None of these murders of Korean businessmen stirred the liberals in Washington as much as the one politically incorrect murder of Dr. Gunn. It was front-page news when the Senate passed the Clinic Entrances Bill. The headline in the Washington Post was “Abortion Clinics Given Protection,” while back inside the newspaper on page D-3 on the same day was a small story about the murder of Uwoma Afamefuna Elue, 39, at the Metro Food Store in Capitol Heights. He was shot in the forehead with a sawed-off shotgun on the late shift the night before.
Maybe murders of small-business owners arc politically correct now. Perhaps liberals see the slaughter of Mom-and-Pop proprietors as proof that their whole analysis and agenda are right. “Those weren’t criminals,” explained Representative John Conyers about those who rioted and looted in L.A. and left 51 dead, “they were outraged citizens.” Rev. Jesse Jackson says, “Desperate people do desperate things,” while Representative Maxine Waters says, “No justice, no peace.” These politicians are coloring it as expected and understandable, even excusable, for people to kill their neighbors if they don’t like the outcome of a trial. From there, it’s a short step to saying it’s okay to kill Korean storekeepers because the world’s unfair.
Each year, the loudspeakers from the politicians and the entertainers move us closer to saying that hopeless and frustrated people are entitled to kill. In his Home Invasion album, Ice-T says “We have a common enemy and that’s the people who don’t want to give out equality.” Bill Clinton says that the “free ride” is over for the “elite few” who didn’t pay their “fair share” in the 80’s.

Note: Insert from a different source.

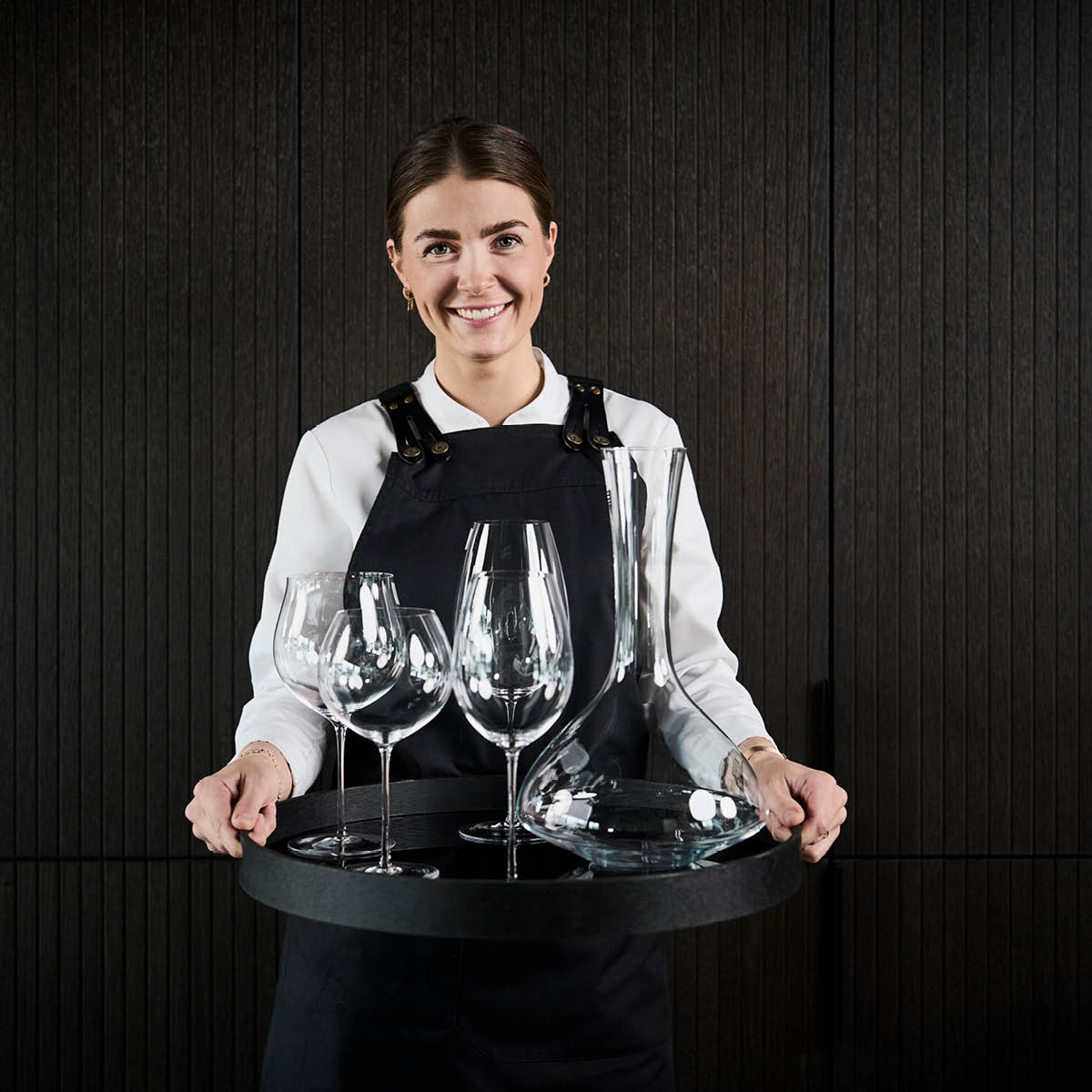 Zwiesel Glas Enoteca chianti rødvinsglass 55 cl 2 stk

He never explains that the top 25 percent of income earners pay over three-fourths of the federal tax bill. “Who you going to blame it on, me?” asks Ice-T about the coming urban war that he predicts—”Try your quest for wealth,” he answers. “I have news for the forces of greed,” warns Bill Clinton, “your time has come and gone.” Maybe that’s what the killers of Won Tae Lee and Hyung Soo Kim were thinking. Maybe they overdosed on Bill Clinton’s class-warfare rhetoric. Maybe they think “12 years of neglect” makes them exempt from moral standards, responsibility, and guilt.

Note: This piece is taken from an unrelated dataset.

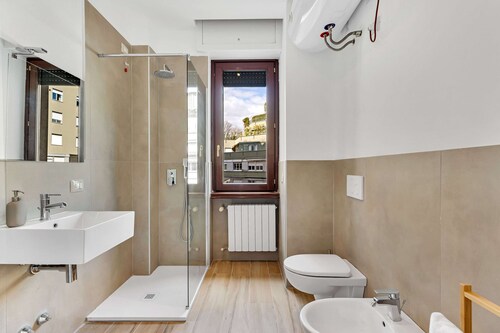 Alessia's Flat - Bonomelli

“Who will lead us out of the spiritual vacuum?” asks Hillary Rodham Clinton. She could start the journey by telling the truth about the 1980’s. She could say that the number of black families earning over $50,000 per year tripled in the past 12 years, and that women entrepreneurs in America now employ more people than the Fortune 500. Rather than exaggerating every obstacle, she could say that the number of white male and black male executives and managers expanded by 12 percent and 45 percent respectively in the 80’s, while the number of black female executives and managers jumped by 120 percent. Instead of trying to maximize the numbers of Americans who see themselves as victims in need of a larger nanny state, she could point to the successes and opportunities that surround every one of us. Isn’t that what the “Boy from Hope” film at the Democratic Convention was all about?
Hillary Clinton could start the trip out of her spiritual vacuum by pointing to Koreatown as a better anti-poverty program than anything the social engineers from Yale or Harvard have delivered. That’s the first step.